West urges Saudi Arabia to release women activists, prosecute Jamal Khashoggi’s killers
(FILES) In this file photo taken on December 15, 2014, general manager of Alarab TV, Jamal Khashoggi, looks on during a press conference in the Bahraini capital Manama. - US President Donald Trump said October 11, 2018 he was not yet prepared to limit arms sales to Saudi Arabia over journalist Jamal Khashoggi's disappearance, but he faced mounting pressure from concerned American lawmakers. Saudi Arabia is one of the world's largest arms purchasers, with most of them coming from the United States.Khashoggi, a contributor to The Washington Post, vanished more than a week ago during a visit to the Saudi consulate in Istanbul. Turkish government sources say he was murdered there, a claim Riyadh denies. (Photo by MOHAMMED AL-SHAIKH / AFP)
Agence France-Presse

Dozens of Western countries on Tuesday voiced concern at Saudi Arabia’s continued detention of women activists and called for those behind the killing of journalist Jamal Khashoggi to be brought to justice.

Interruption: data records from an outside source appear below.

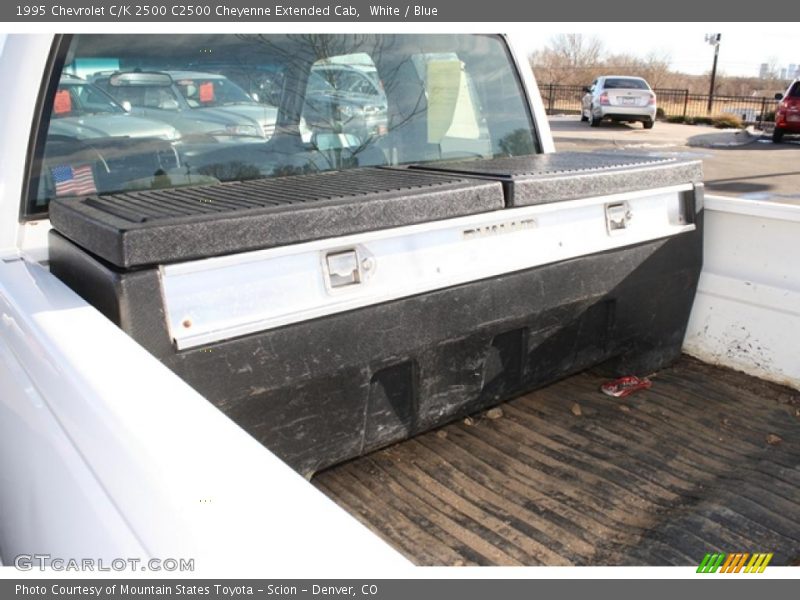 White / Blue 1995 Chevrolet C/K 2500 C2500 Cheyenne Extended Cab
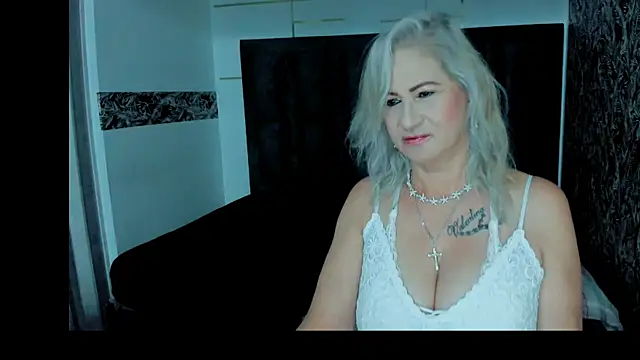 ScarletHoot  online show from 10-28-25, 12:04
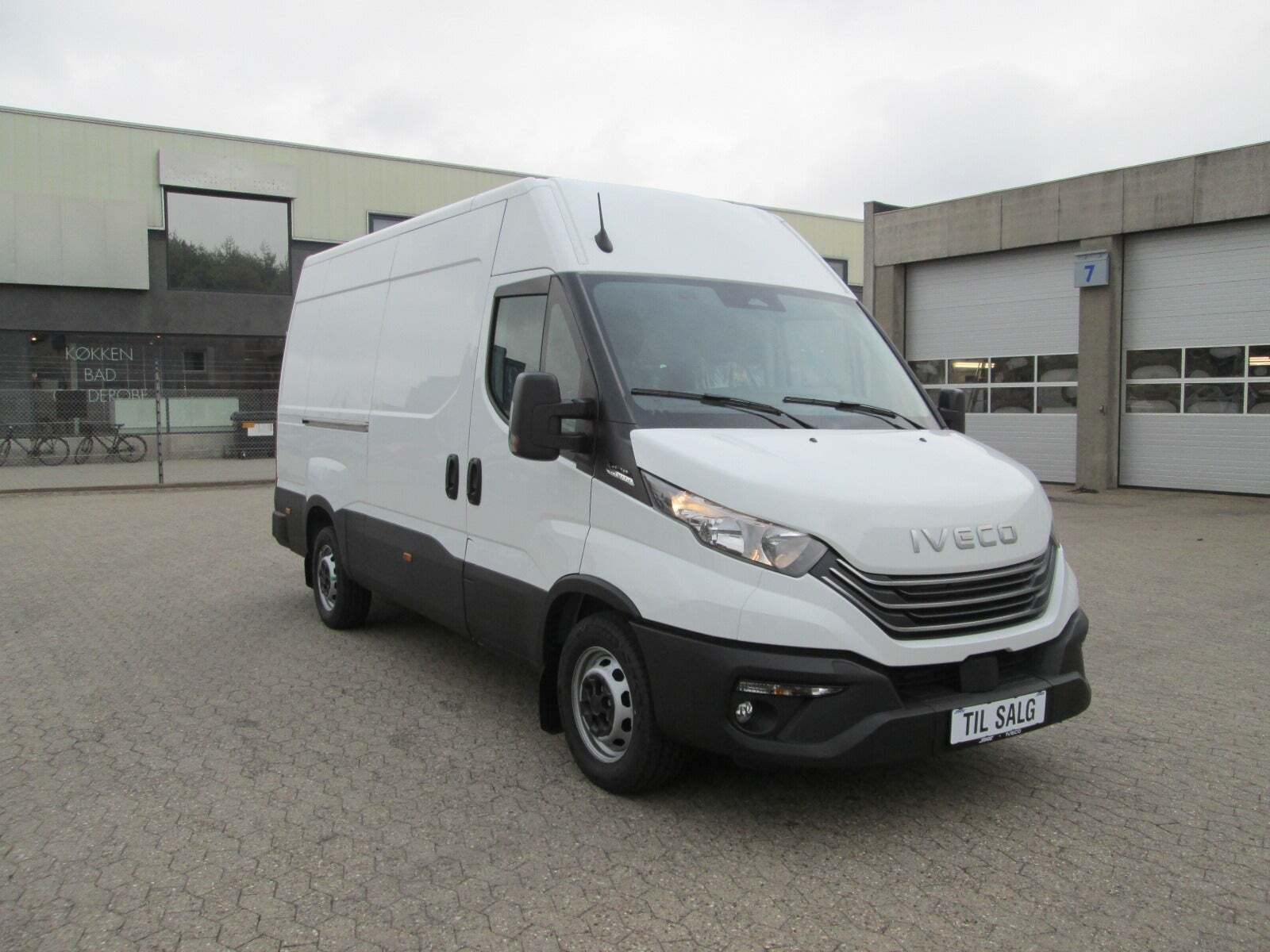 Iveco Daily 2,3 35S14 12m³ Van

No less than a dozen prominent women’s rights activists were arrested in Saudi Arabia in 2018 as it lifted a ban on women driving cars, a step that many of the detainees had long campaigned for.

The women were rounded up as part of a broader crackdown on dissent.

Germany, speaking on behalf of the European Union at the United Nations Human Rights Council, brought up Saudi Arabia’s “prolonged detentions of women rights defenders,” including Loujain al-Hathloul.

Several of the arrested women say they have suffered torture and sexual assault in detention, accusations which Saudi officials reject.

“We stress the need for full accountability and transparent prosecution of those involved in the killing of Jamal Khashoggi,” said Germany’s ambassador, Michael Freiherr von Ungern-Sternberg.

Western nations also criticised Saudi Arabia’s handling of the Khashoggi case.

A Saudi court this month jailed eight people for between seven and 20 years for the murder of the journalist in 2018 at its consulate in Istanbul.

The trial drew criticism from a UN investigator and from human rights campaigners who said the masterminds of the murder remained free.

Denmark’s ambassador to the UN in Geneva, Morten Jespersen, read out a joint statement on behalf of 29 countries, including Australia, Britain and Canada, urging the kingdom to “release all political detainees’’.

Jespersen also voiced concern at the detention of no fewer than five women activists.

Salma El Hosseiny of the International Service for Human Rights (ISHR) said in a statement that the women activists include al-Hathloul, Nouf Abdelaziz, Samar Badawi, Nassima Al-Sadah, Mohammed Al-Bajadi, and Miyaa Al-Zahrani.

“The immediate and unconditional release of the women’s rights activists and human rights defenders would be a litmus test of the Saudi government’s political will to improve the human rights situation,” El Hosseiny added.